What the task asks: The expected answer is the full listing, repeated exactly and free of images.

Data extract:
☆ ☆ ☆ ☆ ☆
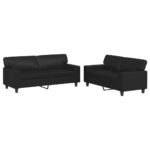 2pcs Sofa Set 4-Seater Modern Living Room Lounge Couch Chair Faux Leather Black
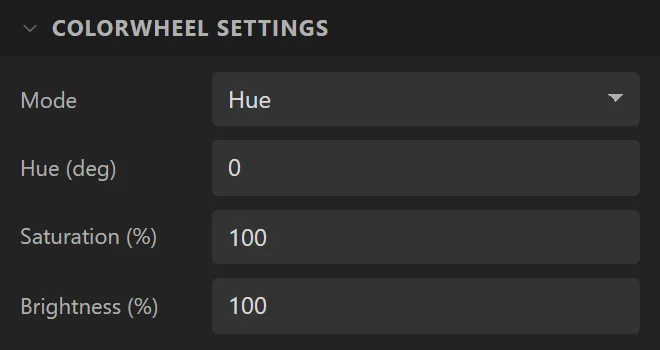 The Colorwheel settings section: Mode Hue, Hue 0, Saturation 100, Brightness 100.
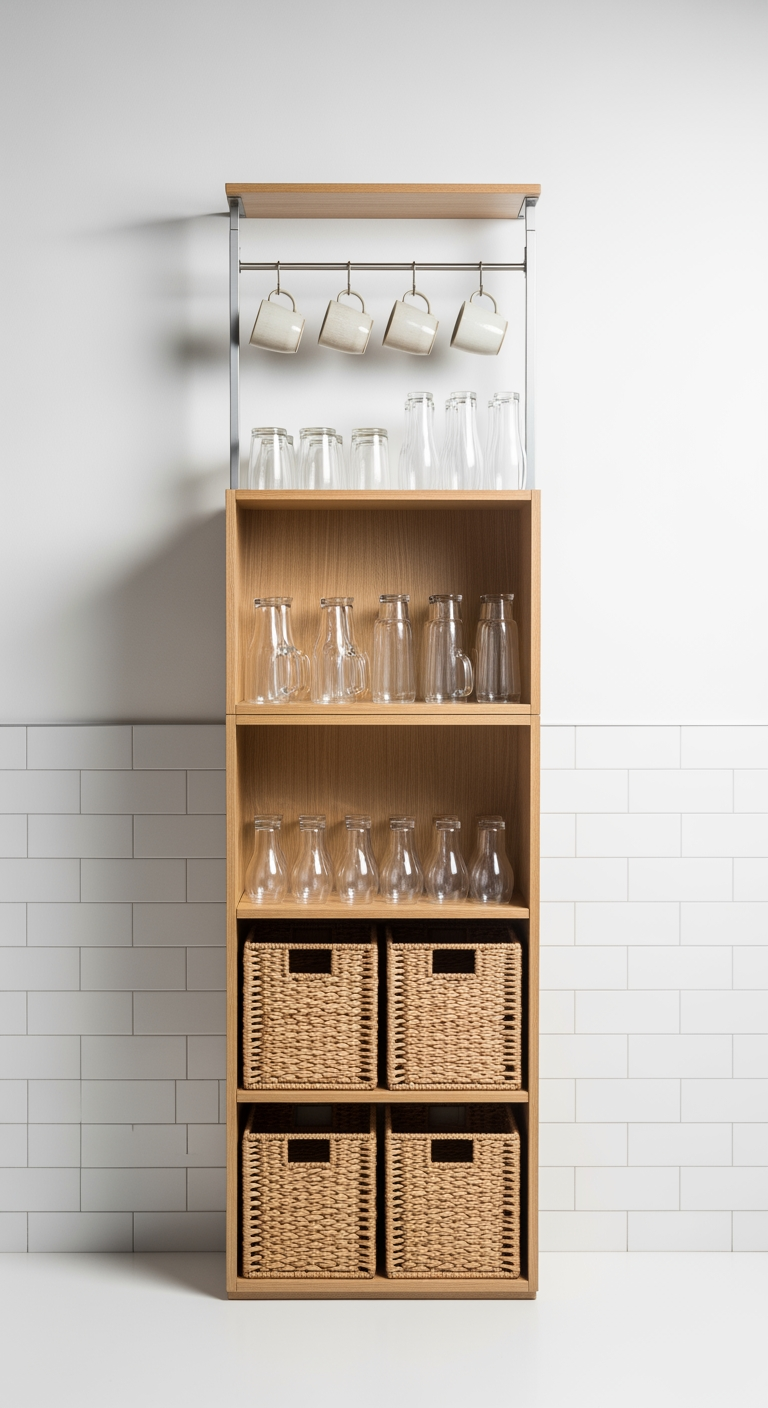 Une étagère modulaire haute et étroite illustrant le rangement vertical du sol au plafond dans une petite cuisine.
☆ ☆ ☆ ☆ ☆
Solution to this exercise:
 2pcs Sofa Set 4-Seater Modern Living Room Lounge Couch Chair Faux Leather Black
 The Colorwheel settings section: Mode Hue, Hue 0, Saturation 100, Brightness 100.
 Une étagère modulaire haute et étroite illustrant le rangement vertical du sol au plafond dans une petite cuisine.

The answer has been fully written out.